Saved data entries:

::::

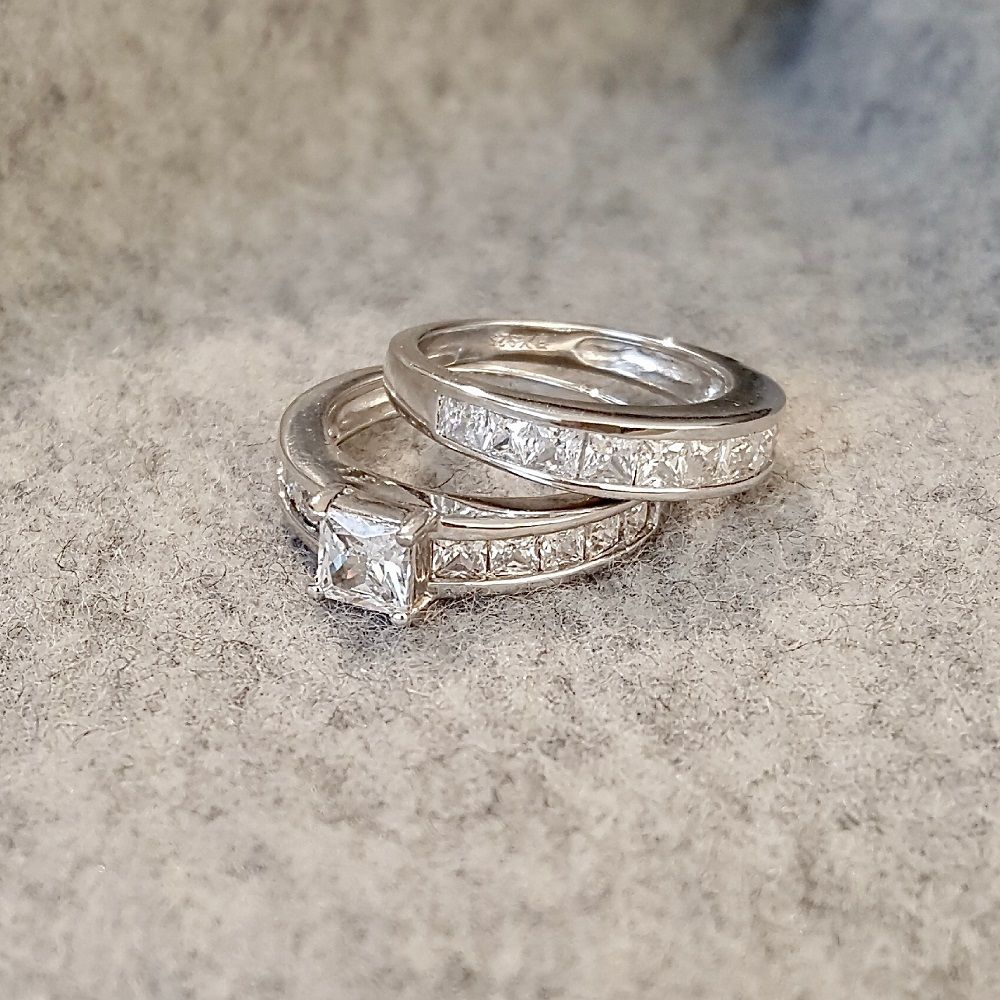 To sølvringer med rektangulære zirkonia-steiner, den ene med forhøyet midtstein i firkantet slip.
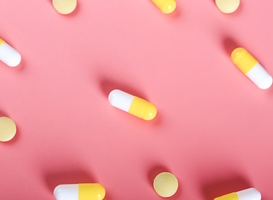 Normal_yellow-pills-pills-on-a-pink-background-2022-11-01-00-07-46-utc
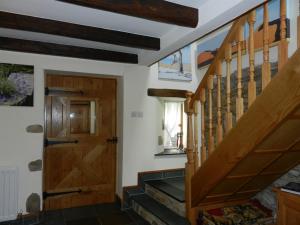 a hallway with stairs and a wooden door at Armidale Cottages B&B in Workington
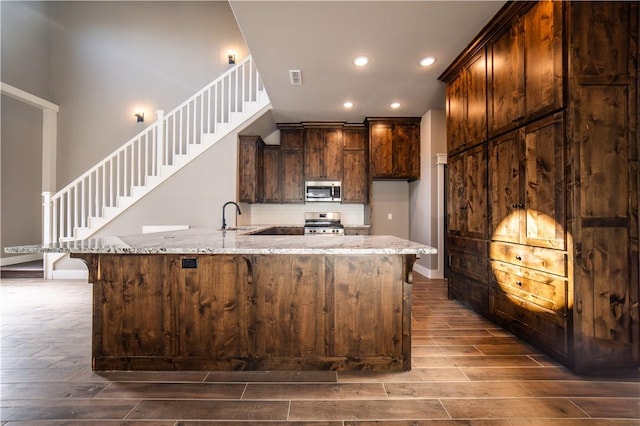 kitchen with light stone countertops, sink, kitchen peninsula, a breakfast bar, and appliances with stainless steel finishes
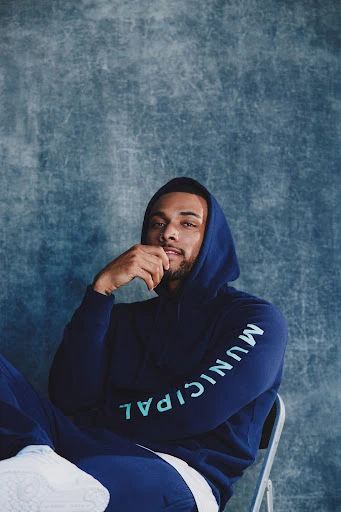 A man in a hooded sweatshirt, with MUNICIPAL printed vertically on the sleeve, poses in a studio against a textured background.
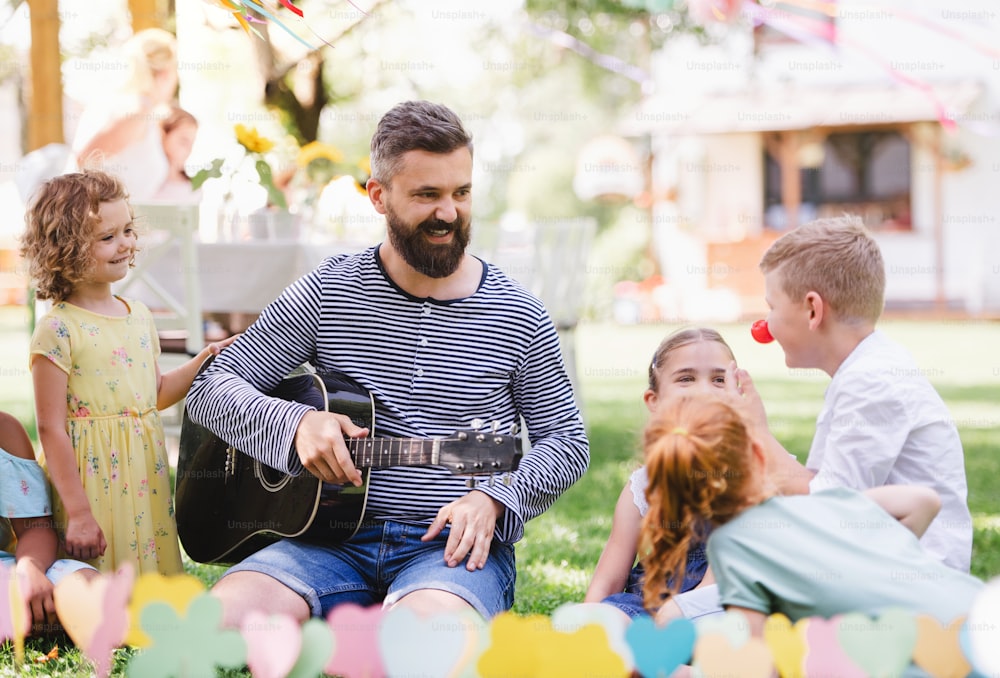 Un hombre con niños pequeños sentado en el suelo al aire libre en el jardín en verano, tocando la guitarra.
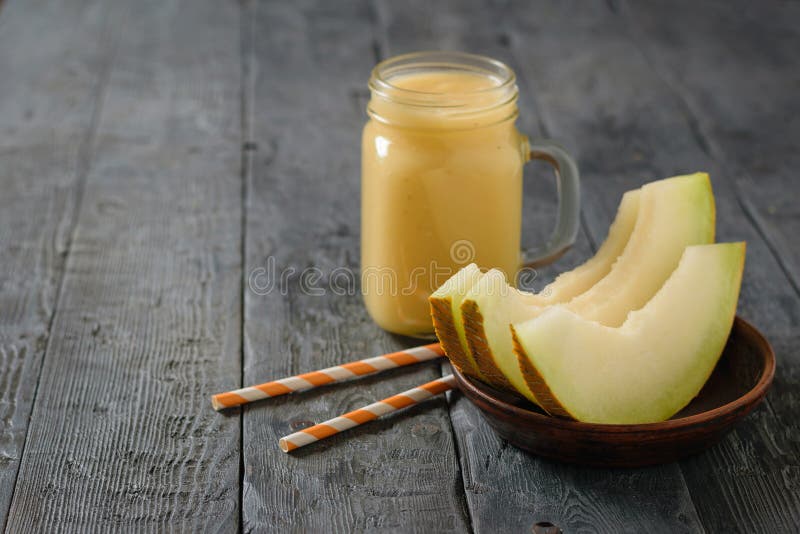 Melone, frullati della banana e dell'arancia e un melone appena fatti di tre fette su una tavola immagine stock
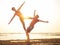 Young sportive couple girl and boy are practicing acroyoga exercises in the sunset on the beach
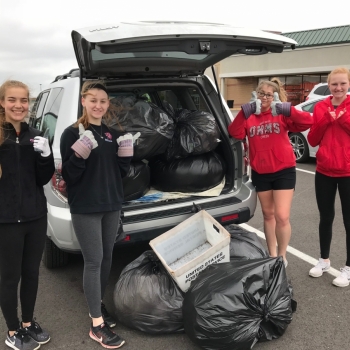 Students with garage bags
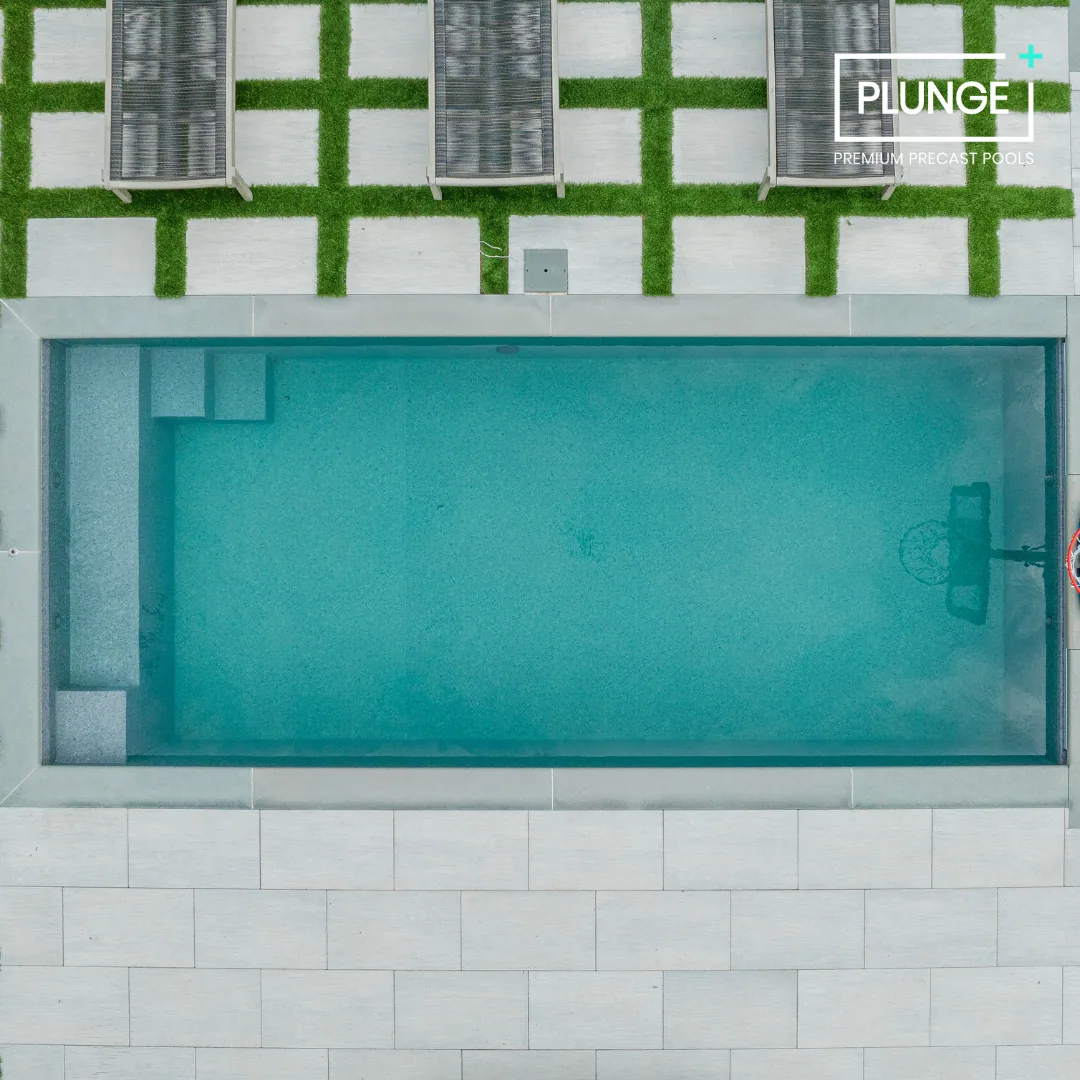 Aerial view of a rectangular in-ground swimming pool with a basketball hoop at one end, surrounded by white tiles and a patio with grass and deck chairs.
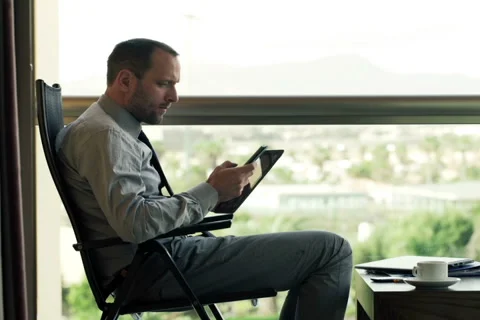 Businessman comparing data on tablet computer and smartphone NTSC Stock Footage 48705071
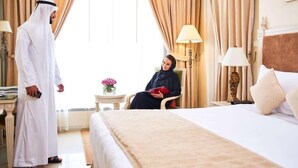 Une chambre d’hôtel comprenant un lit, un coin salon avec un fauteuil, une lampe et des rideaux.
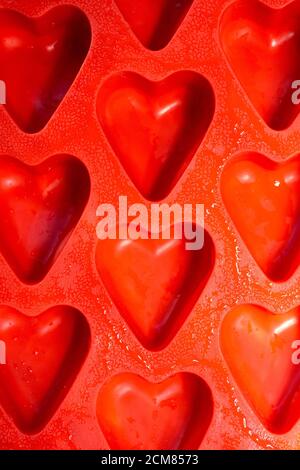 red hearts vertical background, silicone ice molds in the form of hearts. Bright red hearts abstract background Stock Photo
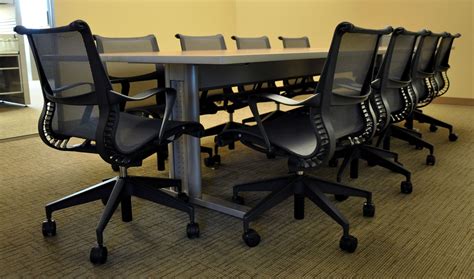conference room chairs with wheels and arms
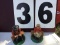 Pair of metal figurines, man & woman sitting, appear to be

::::

Problem description:
Leave the pictures out and output the rest of the data word for word.

Solved exercise:
 To sølvringer med rektangulære zirkonia-steiner, den ene med forhøyet midtstein i firkantet slip.
 Normal_yellow-pills-pills-on-a-pink-background-2022-11-01-00-07-46-utc
 a hallway with stairs and a wooden door at Armidale Cottages B&B in Workington
 kitchen with light stone countertops, sink, kitchen peninsula, a breakfast bar, and appliances with stainless steel finishes
 A man in a hooded sweatshirt, with MUNICIPAL printed vertically on the sleeve, poses in a studio against a textured background.
 Un hombre con niños pequeños sentado en el suelo al aire libre en el jardín en verano, tocando la guitarra.
 Melone, frullati della banana e dell'arancia e un melone appena fatti di tre fette su una tavola immagine stock
 Young sportive couple girl and boy are practicing acroyoga exercises in the sunset on the beach
 Students with garage bags
 Aerial view of a rectangular in-ground swimming pool with a basketball hoop at one end, surrounded by white tiles and a patio with grass and deck chairs.
 Businessman comparing data on tablet computer and smartphone NTSC Stock Footage 48705071
 Une chambre d’hôtel comprenant un lit, un coin salon avec un fauteuil, une lampe et des rideaux.
 red hearts vertical background, silicone ice molds in the form of hearts. Bright red hearts abstract background Stock Photo
conference room chairs with wheels and arms
 Pair of metal figurines, man & woman sitting, appear to be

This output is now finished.